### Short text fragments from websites
------------------------------------------------------------
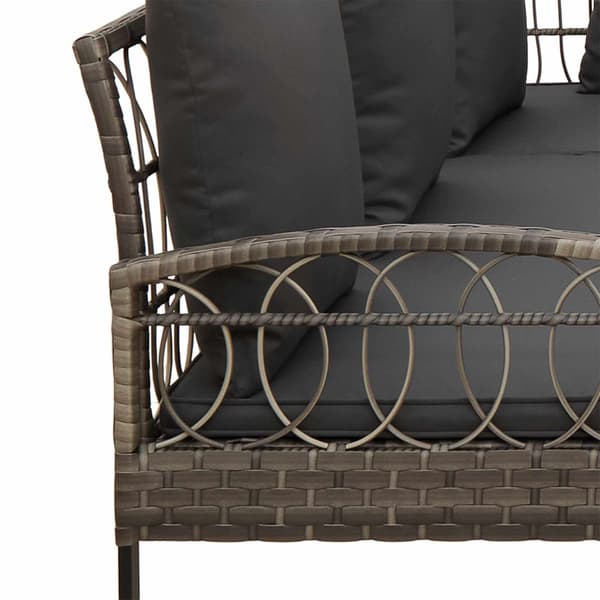 Trädgårdsoffset med kudde 2 pcs Grå Poly Rattan och stål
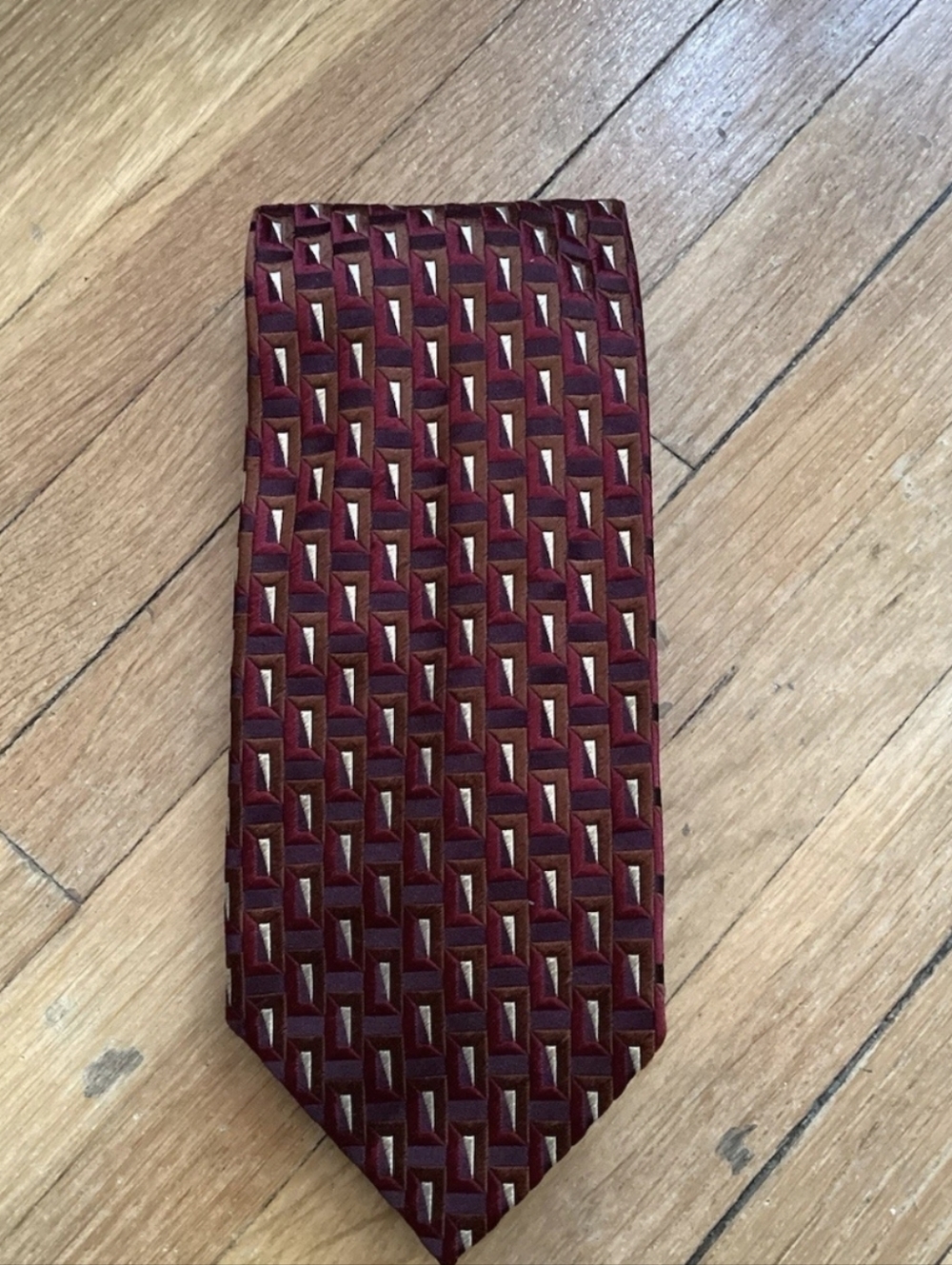 Ermenegildo Zegna Red/Yellow Geometric Print Neck-Tie,100% Silk,Made in Italy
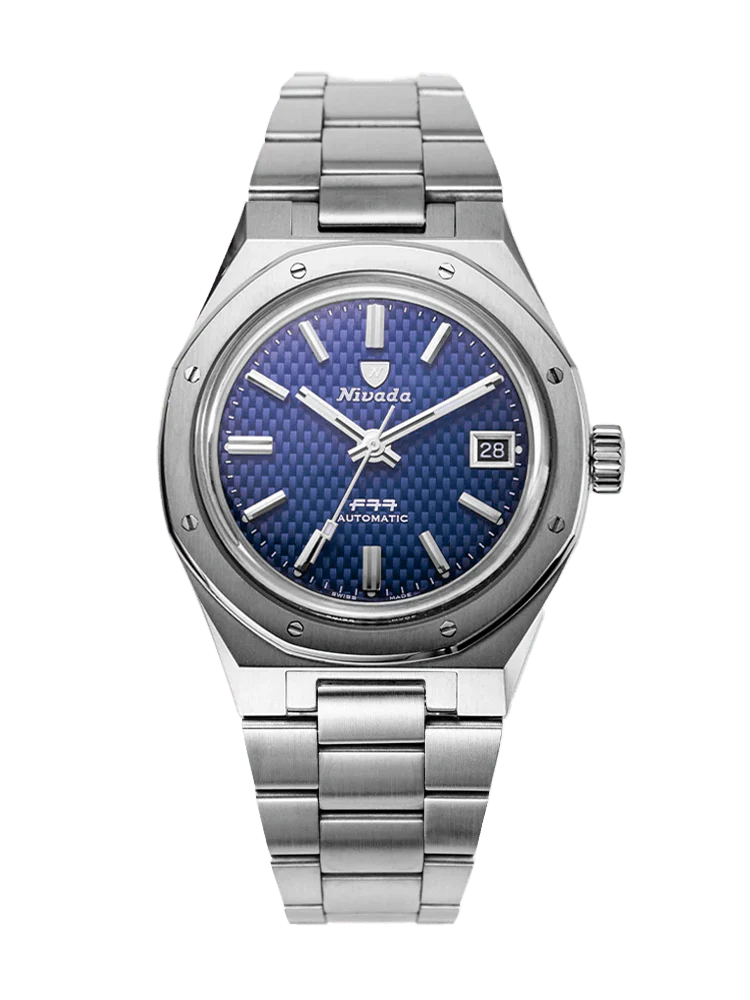 Nivada Grenchen 69001A77 F77 Blue Textured Dial 37mm Automatic Date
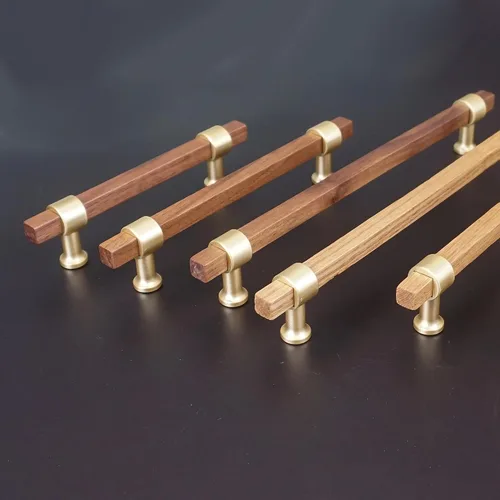 Vista 6 de Tiradores cuadrados de madera de 3.78 pulgadas para cajones, pomos de gabinete de cocina, pomos de latón para pomos de puerta de tocador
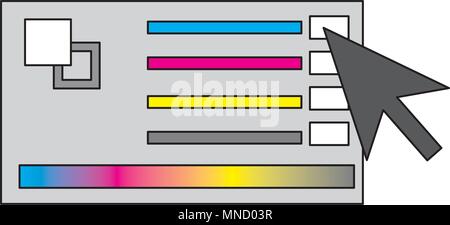 Grafik Designer Farbpalette Zusammensetzung Vector Illustration Stock Vektor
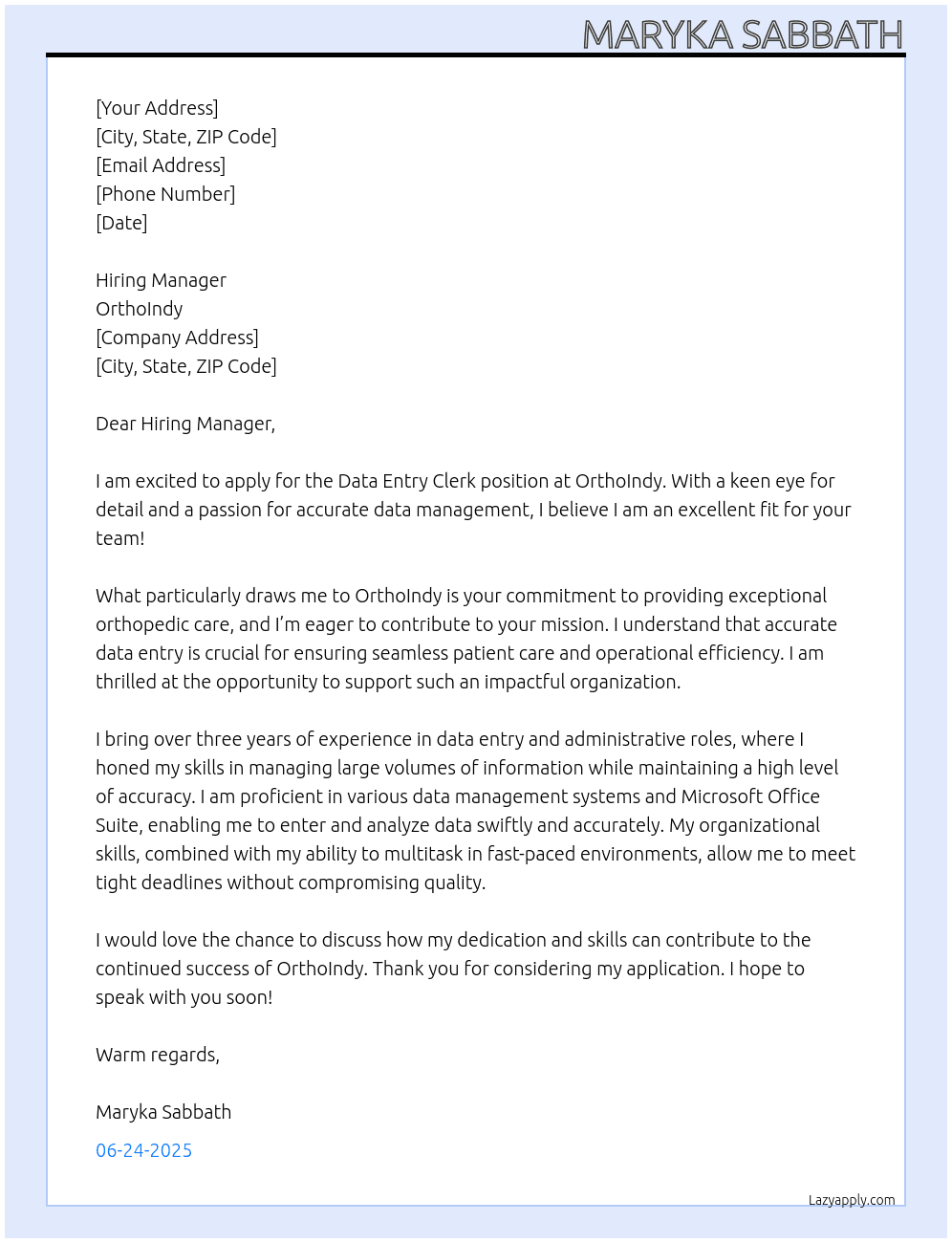 Data Entry Clerk At OrthoIndy Cover Letter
------------------------------------------------------------
### What the task asks
Copy, word for word, the entries above from the first line to the line that holds "Nivada Grenchen 69001A77". Drop the pictures.

### Response area
 Trädgårdsoffset med kudde 2 pcs Grå Poly Rattan och stål
 Ermenegildo Zegna Red/Yellow Geometric Print Neck-Tie,100% Silk,Made in Italy
 Nivada Grenchen 69001A77 F77 Blue Textured Dial 37mm Automatic Date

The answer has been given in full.